SKRIPSI Jurusan Sastra Indonesia - Fakultas Sastra UM, 2014

Ukuran Huruf:  Kecil  Sedang  Besar

GAYA PUISI KARYA SISWA KELAS X BAHASA SMA NEGERI 8 MALANG

RAMADHANIAR WULANANDA

Abstrak


ABSTRAK

 

Wulananda, Ramadhaniar. 2014. Gaya Puisi Karya Siswa Kelas X Bahasa SMA Negeri 8 Malang. Skripsi, Program Studi Pendidikan Bahasa, Sastra Indonesia, dan Daerah, Jurusan Sastra Indonesia, Fakultas Sastra, Universitas Negeri Malang. Pembimbing: (I) Dr. Heri Suwignyo, M.Pd., (II) Prof. Dr. Djoko Saryono, M.Pd.

 

Kata Kunci: gaya, puisi, pembelajaran sastra

 

Puisi merupakan bentuk karya sastra yang mengungkapkan pikiran dan perasaan penyair secara imajinatif dan disusun dengan mengonsentrasikan struktur fisik dan struktur batin. Gaya merupakan kekhasan yang digunakan penyair dalam memaparkan gagasan sesuai dengan tujuan dan efek yang ingin dicapainya. Tujuan penelitian ini adalah mendeskripsikan (1) tipografi puisi karya siswa, (2) diksi puisi karya siswa, (3) majas puisi karya siswa, dan (4) rima puisi karya siswa kelas X Bahasa SMA Negeri 8 Malang.

Penelitian ini termasuk penelitian kualitatif dengan teknik kajian teks sastra. Sumber datanya berupa puisi karya siswa kelas X Bahasa SMA Negeri 8 Malang. Data penelitian berupa teks puisi yang menunjukkan gaya puisi karya siswa. Teknik pengumpulan data dengan cara memberikan lembar tugas menulis puisi kepada subjek penelitian melalui guru Mata Pelajaran Sastra Indonesia. Analisis datanya meliputi (1) reduksi data, (2) penyajian data, dan (3) pemaknaan/penarikansimpulan. Pengecekan keabsahan temuan dilakukan dengan teknik kecermatan serta ketekunan pembacaan dan diskusi dengan pakar atau pembimbing.

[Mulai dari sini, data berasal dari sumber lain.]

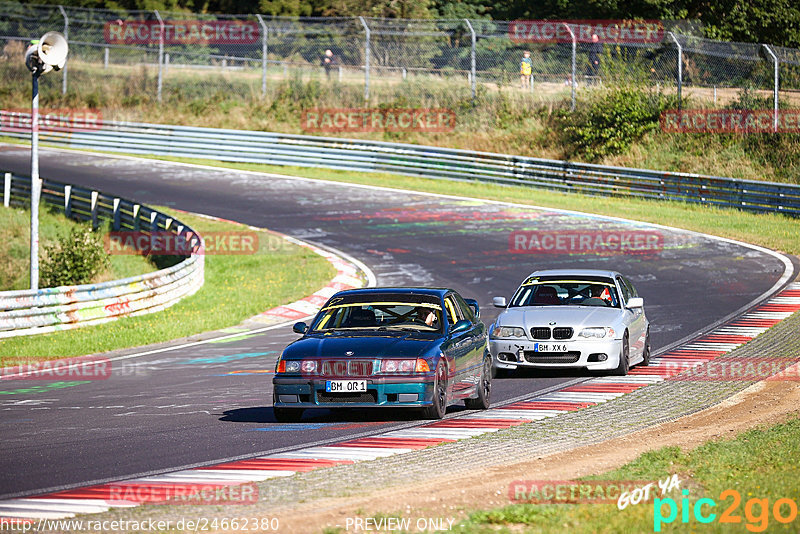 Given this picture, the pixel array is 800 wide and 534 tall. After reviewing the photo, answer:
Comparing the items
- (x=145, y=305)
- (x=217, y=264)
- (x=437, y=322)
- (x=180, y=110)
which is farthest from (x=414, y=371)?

Hasil penelitian ini berupa deskripsi gaya puisi karya siswa kelas X Bahasa SMA Negeri 8 Malang. Gaya puisi tersebut meliputi (1) tipografi, (2) diksi, (3) majas, dan (4) rima. Tipografi meliputi (1) bentuk konvensionaldan (2) bentuk nonkonvesional. Diksi meliputi (1) makna kata, (2) imaji, dan (3) lambang. Makna kata dalam diksi meliputi (1) makna kata konotatif dan (2) makna kata denotatif. Makna kata konotatif meliputi (1) makna konotatif positif dan (2) makna konotatif negatif. Imaji dalam diksi meliputi (1) imaji auditif, (2) imaji visual, dan (3) imaji gerak. Lambang dalam diksi meliputi (1) lambing warna, (2) lambing suasana, dan (3) lambing benda. Majas meliputi (1) metafora, (2) simile, (3) personifikasi, (4) hiperbola, dan (5) paradoks. Rima meliputi (1) bentuk intern pola bunyi dan (2) pengulangan kata atau ungkapan. Bentuk intern pola bunyi meliputi (1) pengulangan konsonan atau aliterasi dan (2) persamaan bunyi di akhir. Pengulangan kata atau ungkapan terdapat di awal, di tengah, dan di akhir.

Saran penelitian ditujukan bagi siswa, guru, dan peneliti selanjutnya. Siswa disarankan untuk memperbaiki kemampuan menulis puisi mereka sesuai dengan perkembangan pengetahuan tentang gaya puisi. Guru disarankan untuk menggunakan metode lain dalam pembelajaran menulis puisi, misalnya pemodelan untuk memperkenalkan siswa pada gaya puisi sastrawan. Bagi peneliti selanjutnya disarankan untuk melakukan penelitian yang relevan agar dapat memperkaya temuan gaya dalam puisi atau karya sastra lain, misalnya prosa. Peneliti selanjutnya juga disarankan untuk memperluas focus penelitian, seperti tema yang diangkat, rasa, dan nada yang dihasilkan, dan lain sebagainya.